Directions
Set down exactly the lines running from the line with "FRAY I.D（フレイアイディー）の「リネンパフスリーブワンピース" to the end of the listing below, both ends included.

Data supplied
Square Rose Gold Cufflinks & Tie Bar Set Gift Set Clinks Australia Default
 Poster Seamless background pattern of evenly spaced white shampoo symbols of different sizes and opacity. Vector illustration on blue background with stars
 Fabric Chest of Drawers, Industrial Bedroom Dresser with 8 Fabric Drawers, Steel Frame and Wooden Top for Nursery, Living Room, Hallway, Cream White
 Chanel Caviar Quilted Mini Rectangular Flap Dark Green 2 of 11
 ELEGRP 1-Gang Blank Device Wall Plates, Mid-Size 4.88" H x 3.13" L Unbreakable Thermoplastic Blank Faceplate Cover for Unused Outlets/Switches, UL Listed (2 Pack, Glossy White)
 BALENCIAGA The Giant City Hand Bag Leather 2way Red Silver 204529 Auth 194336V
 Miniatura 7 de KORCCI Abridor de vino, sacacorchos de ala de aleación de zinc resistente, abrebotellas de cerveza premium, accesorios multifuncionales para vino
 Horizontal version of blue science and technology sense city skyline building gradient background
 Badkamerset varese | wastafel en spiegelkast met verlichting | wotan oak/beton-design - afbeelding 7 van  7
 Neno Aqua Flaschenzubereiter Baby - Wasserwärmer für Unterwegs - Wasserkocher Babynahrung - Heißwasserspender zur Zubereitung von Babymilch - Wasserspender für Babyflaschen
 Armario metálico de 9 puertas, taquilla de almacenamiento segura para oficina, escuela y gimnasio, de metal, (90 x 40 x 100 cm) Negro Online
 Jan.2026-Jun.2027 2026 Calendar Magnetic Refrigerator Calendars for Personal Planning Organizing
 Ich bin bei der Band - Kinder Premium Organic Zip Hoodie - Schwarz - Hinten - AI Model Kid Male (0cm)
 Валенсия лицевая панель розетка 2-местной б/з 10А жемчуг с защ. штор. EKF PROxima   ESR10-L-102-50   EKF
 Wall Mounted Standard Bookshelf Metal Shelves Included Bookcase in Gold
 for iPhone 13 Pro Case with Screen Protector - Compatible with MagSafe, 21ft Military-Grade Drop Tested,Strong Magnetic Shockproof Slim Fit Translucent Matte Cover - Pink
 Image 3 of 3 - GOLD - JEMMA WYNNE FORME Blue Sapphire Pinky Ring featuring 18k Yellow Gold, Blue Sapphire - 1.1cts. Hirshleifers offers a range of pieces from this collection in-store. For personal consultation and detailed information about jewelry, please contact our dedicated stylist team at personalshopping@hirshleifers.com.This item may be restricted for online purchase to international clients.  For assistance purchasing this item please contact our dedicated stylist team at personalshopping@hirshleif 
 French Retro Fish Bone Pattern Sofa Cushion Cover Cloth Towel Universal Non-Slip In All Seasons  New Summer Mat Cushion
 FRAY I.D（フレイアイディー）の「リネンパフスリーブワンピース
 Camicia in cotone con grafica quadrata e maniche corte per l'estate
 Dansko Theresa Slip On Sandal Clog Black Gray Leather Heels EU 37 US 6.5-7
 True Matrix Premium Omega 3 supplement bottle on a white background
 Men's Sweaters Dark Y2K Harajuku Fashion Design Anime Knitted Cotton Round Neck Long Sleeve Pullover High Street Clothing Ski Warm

Output
 FRAY I.D（フレイアイディー）の「リネンパフスリーブワンピース
 Camicia in cotone con grafica quadrata e maniche corte per l'estate
 Dansko Theresa Slip On Sandal Clog Black Gray Leather Heels EU 37 US 6.5-7
 True Matrix Premium Omega 3 supplement bottle on a white background
 Men's Sweaters Dark Y2K Harajuku Fashion Design Anime Knitted Cotton Round Neck Long Sleeve Pullover High Street Clothing Ski Warm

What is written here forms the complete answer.